## Task brief:
Beginning with the line that contains "Book cover for Montpellier Medical (44-45)" and ending with the line that contains "The Lion, The", reproduce the lines of the entries below exactly, omitting pictures.

## Entries provided:
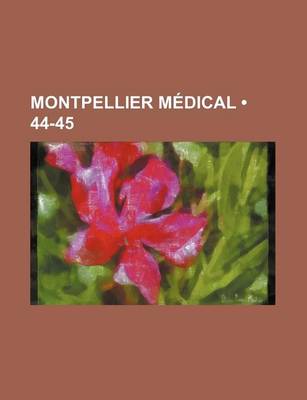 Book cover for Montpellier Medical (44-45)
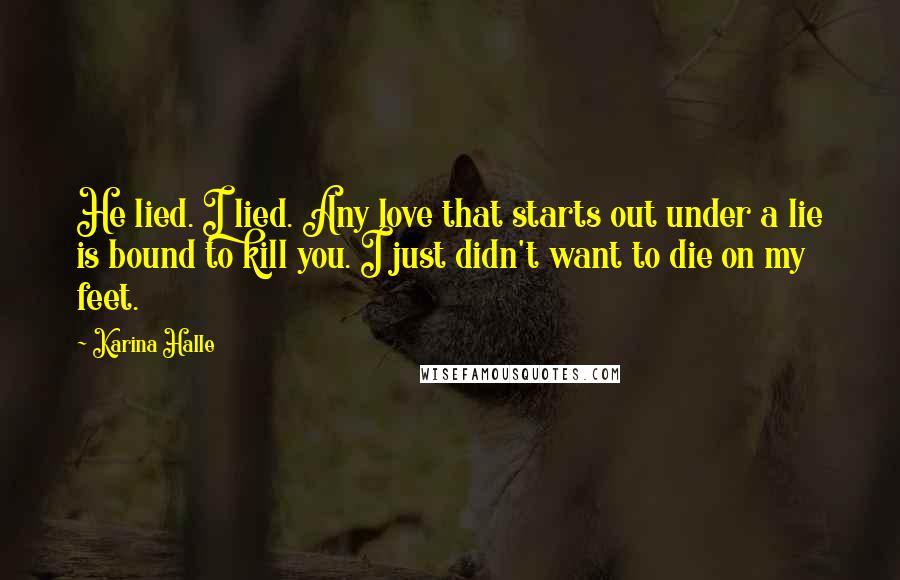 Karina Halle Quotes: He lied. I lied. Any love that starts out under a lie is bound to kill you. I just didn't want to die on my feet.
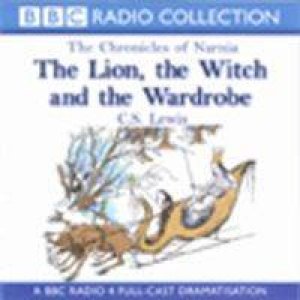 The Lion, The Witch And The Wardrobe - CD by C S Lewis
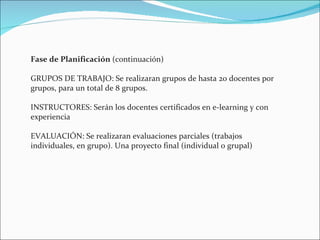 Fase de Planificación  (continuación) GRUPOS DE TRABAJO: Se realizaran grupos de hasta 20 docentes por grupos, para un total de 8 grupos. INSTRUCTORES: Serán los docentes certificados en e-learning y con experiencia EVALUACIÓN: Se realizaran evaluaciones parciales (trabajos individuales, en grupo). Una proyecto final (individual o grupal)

--

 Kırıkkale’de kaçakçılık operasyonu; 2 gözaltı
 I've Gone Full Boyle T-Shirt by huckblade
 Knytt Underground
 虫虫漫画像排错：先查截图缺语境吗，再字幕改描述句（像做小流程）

## Solution for this exercise:
 Book cover for Montpellier Medical (44-45)
 Karina Halle Quotes: He lied. I lied. Any love that starts out under a lie is bound to kill you. I just didn't want to die on my feet.
 The Lion, The Witch And The Wardrobe - CD by C S Lewis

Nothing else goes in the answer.